Elasticsearch Capacity Planning for High-Traffic Event Readiness

Sizing a three-node Elasticsearch cluster for a high-traffic event window, with cluster-health gates between steps and a documented rollback path.

Status

Completed

Timeframe

Pre-event change window

Environment

Production · Azure

Cloud Database Observability Production

Context

Three production Elasticsearch nodes in Azure needed to be sized for an upcoming high-traffic event. The cluster fed search and analytics paths the event would amplify.

Problem

Existing capacity left thin headroom under the projected load.
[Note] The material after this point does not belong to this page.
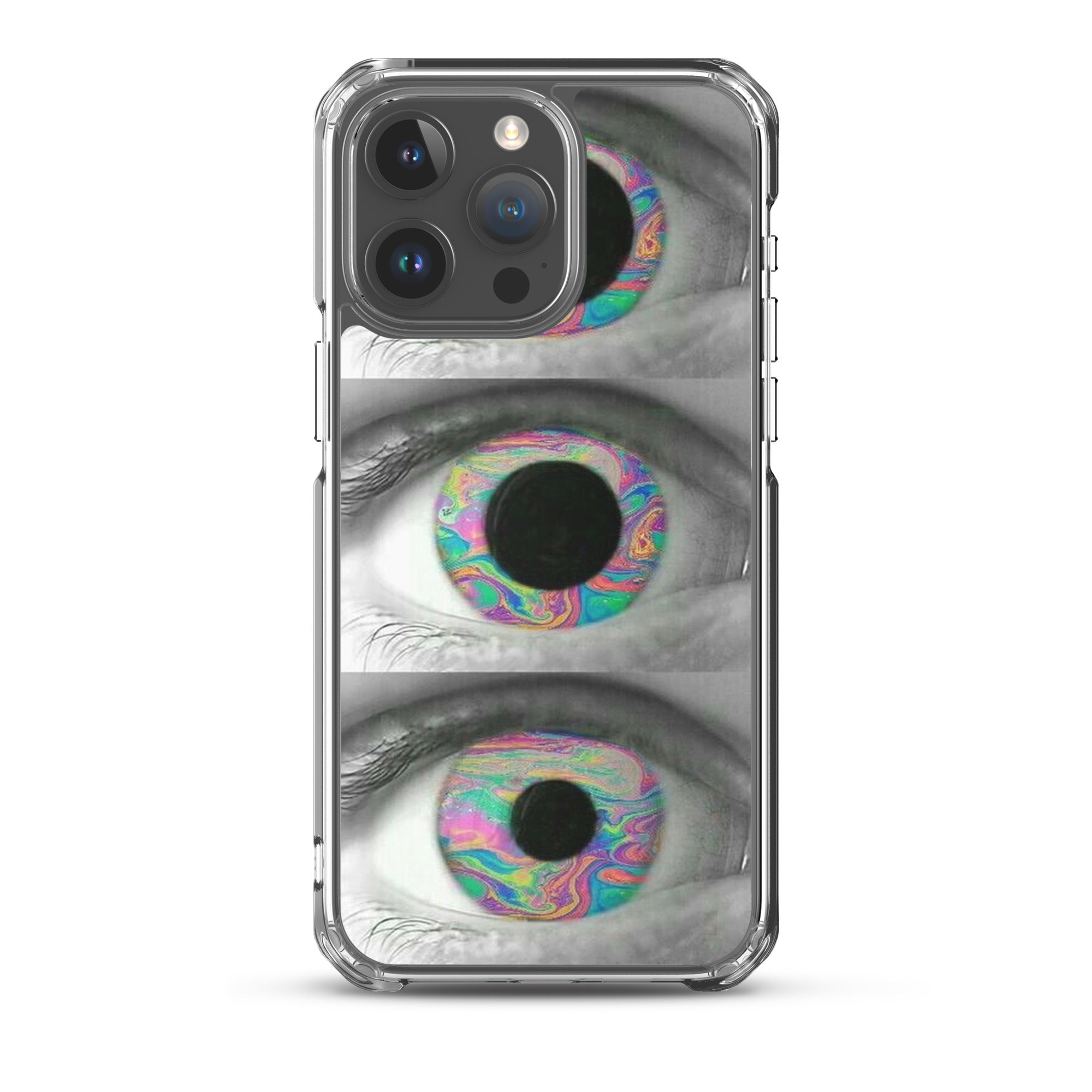All eyez on me iPhone case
Resizing had to be done with controlled risk, validated cluster health, and a clear rollback path before the event window.

My role

Capacity planner and operator: defined the sizing target, executed the resize, and ran the cluster-health checks.

Technical actions

[01] Increased vCPU and RAM on all three Elasticsearch nodes.
[02] Adjusted JVM heap to roughly 50% of available RAM, respecting Elasticsearch's recommended heap ceiling.
[03] Validated cluster state, shard allocation and recovery via the cluster health API between steps.
[04] Documented the rollback path in case post-resize behaviour deviated from baseline.

Operational impact

Cluster prepared and validated for the event window with a documented rollback path. Sizing decisions captured for future event-readiness work.

Evidence

[✓] vCPU and RAM increased on all three nodes.
[✓] JVM heap aligned to ~50% of available RAM, within Elasticsearch's recommended ceiling.
[✓] Cluster state, shard allocation and recovery validated via the cluster health API between steps.
[✓] Rollback path documented before the event window opened.

What this demonstrates

Capacity planning tied to a real workload event, not abstract benchmarks.
Working knowledge of Elasticsearch operational constraints (heap, shards, cluster state).
Treating resizes as production changes with health gates and rollback.

Why this matters

Capacity planning sounds tidy in slides. In production it is a sequence of small irreversible changes you would rather not make at peak. This case is the kind that earns the slide.